3. On behalf of D.D.A. it is contended that the cost of the flat in question has been finalised at Rs. 7,81,319-35 as per the demand letter (Annexure C-1), as per the policy of the D.D.A. It is also contended that the flat allotted to the petitioner is not similar to the flats allotted to the other allottees whose cost was Rs. 2,48,000/- because those flats were allotted during the year 1989 whereas the flat in question had been allotted to the petitioner in the year 1991. As regards charge of interest it is contended that the same is charged by the respondent D.D.A. on the capital investment made by it on behalf of the allottted petitioner to bring the petitioner at par with the original allottees of the Scheme. In nutshell it has been urged by the respondent D.D.A. that the demand raised by it on account of the cost of the flat in question, that the petitioner vide impugned letter is perfectly legal, valid and reasonable and that the petition filed by the petitioner is devoid of merit and deserves to be dismissed.
4. On 1-5-1992 the respondent D.D.A. was directed to file an additional affidavit giving the break up of the calculations demanded in demand-cum-allotment letter (Annexure C-1) and the amount calculated for demands made to other flat owners vide letter (Annexure F-1).

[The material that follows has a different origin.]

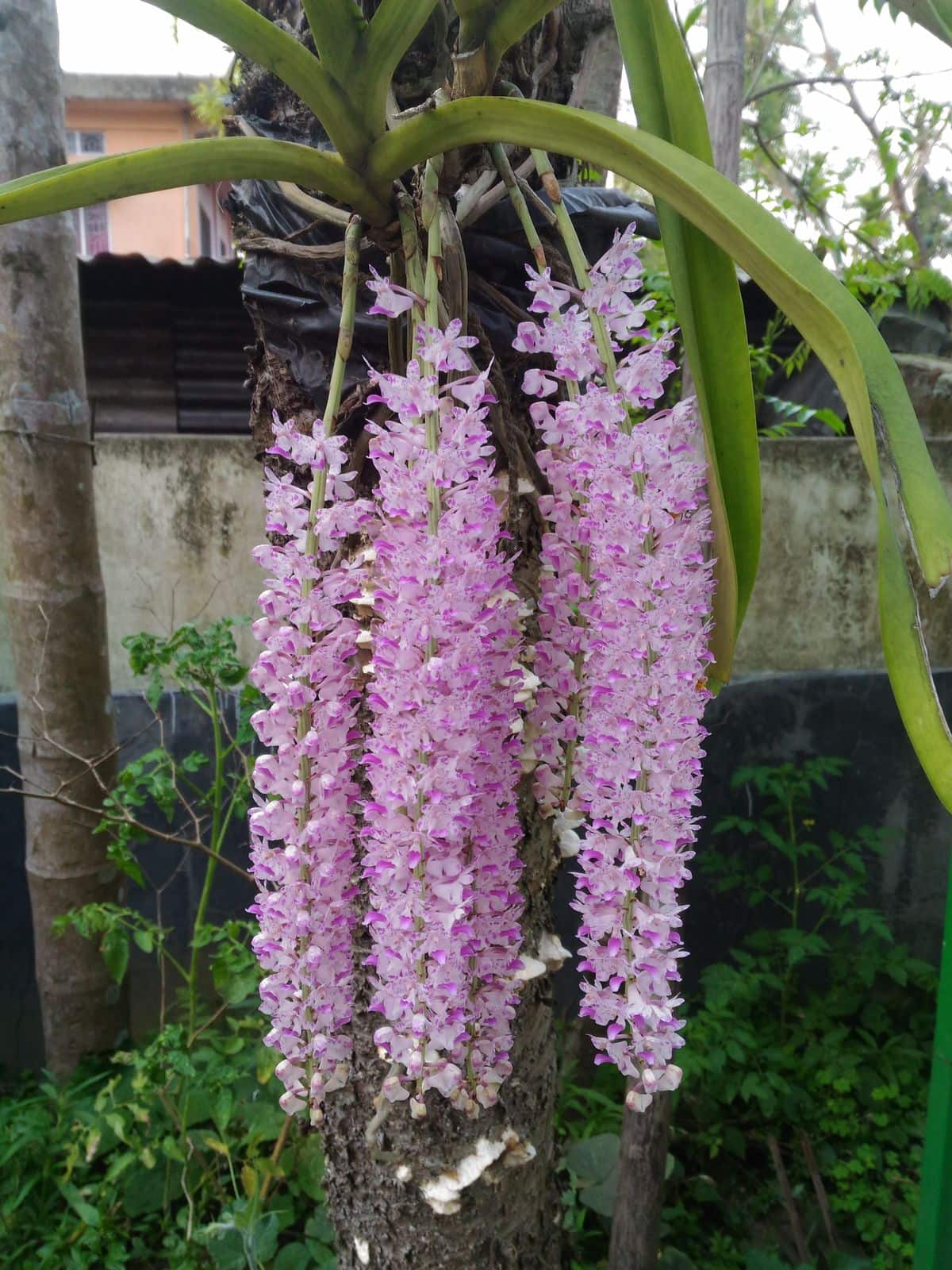 pink foxtail flowers, Cattleya Trianae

5. In compliance with the above orders an affidavit dated 22-10-1992, signed and sworn by Ms. Jay Shree Raghuraman, Director (Housing), was filed on behalf of respondent D.D.A. on 11-11-1992 explaining the calculations.

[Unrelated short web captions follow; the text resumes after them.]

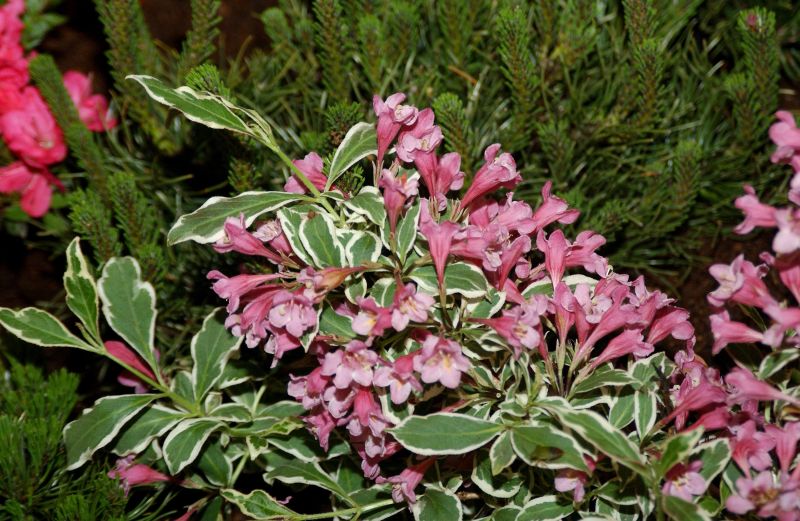 Weigela florida 'Monet' ® -S- - Weigelie 'Monet' ® -S-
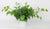 12 Inch Potted Artificial Pothos Plant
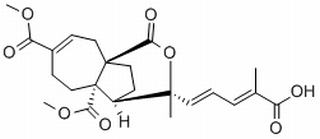 土荆皮乙酸，分析标准品,HPLC≥98%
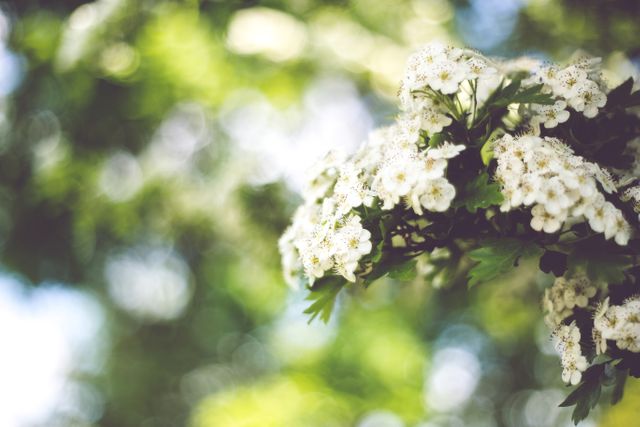 Close-Up of Blooming Hawthorn Flowers with Bokeh Background - Download Free Stock Photos Pikwizard.com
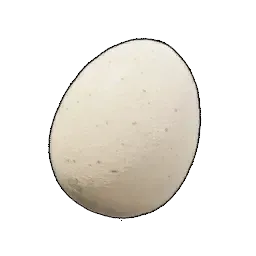 卵画像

6. On 1-2-1994 the respondent D.D.A. was further directed to file an affidavit indicating the various factors involved in castings the flats. In compliance with the above orders a supplementary affidavit dated 9-2-1994 was filed on behalf of respondent D.D.A.
7. As the position with regard to the flat alleged to have been allotted to the petitioner by respondent D.D.A. was not clear in the affidavit dated 9-2-1994, filed on behalf of the respondent and the learned counsel for the petitioner submitted that there was no pocket 'F & G' in existence, it was directed vide order dated 8-3-1994 that the respondent D.D.A. may ascertain the position and file an additional affidavit. In compliance with the above orders another additional affidavit dated 4-8-1994, signed and sworn by Ms. Asma Manjar, Director (Housing) was filed on behalf of respondent D.D.A. stating that the petitioner had been allotted Flat No. 122, Pocket F, Sarita, Vihar, which was in existence at the site. The above controversy with regard to the existence of the flat in question at site was set at rest on 25-7-1995 on which date the learned counsel for the petitioner made a statement before the Court that the petitioner had taken the possession of the above mentioned flat and the only question requiring consideration was as to whether any excess payment had been made by the petitioner to the respondent D.D.A. on account of the cost of the flat in question.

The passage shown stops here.